Reproduce, with no edits, the line that contains "Instala y configura" and all the lines that follow it, ending with the last line of the records.

[Start of Attachment]

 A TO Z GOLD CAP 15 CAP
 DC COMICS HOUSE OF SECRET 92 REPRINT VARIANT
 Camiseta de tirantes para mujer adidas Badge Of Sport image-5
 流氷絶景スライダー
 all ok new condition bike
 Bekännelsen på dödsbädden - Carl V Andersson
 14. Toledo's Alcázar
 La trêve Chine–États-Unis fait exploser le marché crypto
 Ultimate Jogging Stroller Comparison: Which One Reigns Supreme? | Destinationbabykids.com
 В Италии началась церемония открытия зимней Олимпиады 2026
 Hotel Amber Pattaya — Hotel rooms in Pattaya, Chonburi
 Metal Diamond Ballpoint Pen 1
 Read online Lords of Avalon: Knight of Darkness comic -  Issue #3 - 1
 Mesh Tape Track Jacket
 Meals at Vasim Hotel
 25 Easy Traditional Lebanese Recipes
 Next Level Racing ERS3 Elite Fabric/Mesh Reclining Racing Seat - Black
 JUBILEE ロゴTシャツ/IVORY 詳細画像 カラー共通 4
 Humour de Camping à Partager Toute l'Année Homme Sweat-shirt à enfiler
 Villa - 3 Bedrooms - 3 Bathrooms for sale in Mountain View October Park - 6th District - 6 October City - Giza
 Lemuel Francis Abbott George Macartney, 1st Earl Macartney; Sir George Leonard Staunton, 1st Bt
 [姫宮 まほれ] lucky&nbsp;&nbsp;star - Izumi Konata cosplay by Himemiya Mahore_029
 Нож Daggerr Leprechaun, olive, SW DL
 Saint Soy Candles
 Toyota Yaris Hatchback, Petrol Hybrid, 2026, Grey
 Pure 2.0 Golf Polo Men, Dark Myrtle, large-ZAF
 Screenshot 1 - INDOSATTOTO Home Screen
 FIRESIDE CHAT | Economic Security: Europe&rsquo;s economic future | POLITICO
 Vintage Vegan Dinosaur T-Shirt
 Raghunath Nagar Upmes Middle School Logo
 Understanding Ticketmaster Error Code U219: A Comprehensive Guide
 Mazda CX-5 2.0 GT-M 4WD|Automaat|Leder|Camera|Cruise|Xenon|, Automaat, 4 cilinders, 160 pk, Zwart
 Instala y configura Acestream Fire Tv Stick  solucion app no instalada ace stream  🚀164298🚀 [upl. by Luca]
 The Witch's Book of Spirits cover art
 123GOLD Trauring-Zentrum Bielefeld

[End of Attachment]

**YOUR SOLUTION:**
 Instala y configura Acestream Fire Tv Stick  solucion app no instalada ace stream  🚀164298🚀 [upl. by Luca]
 The Witch's Book of Spirits cover art
 123GOLD Trauring-Zentrum Bielefeld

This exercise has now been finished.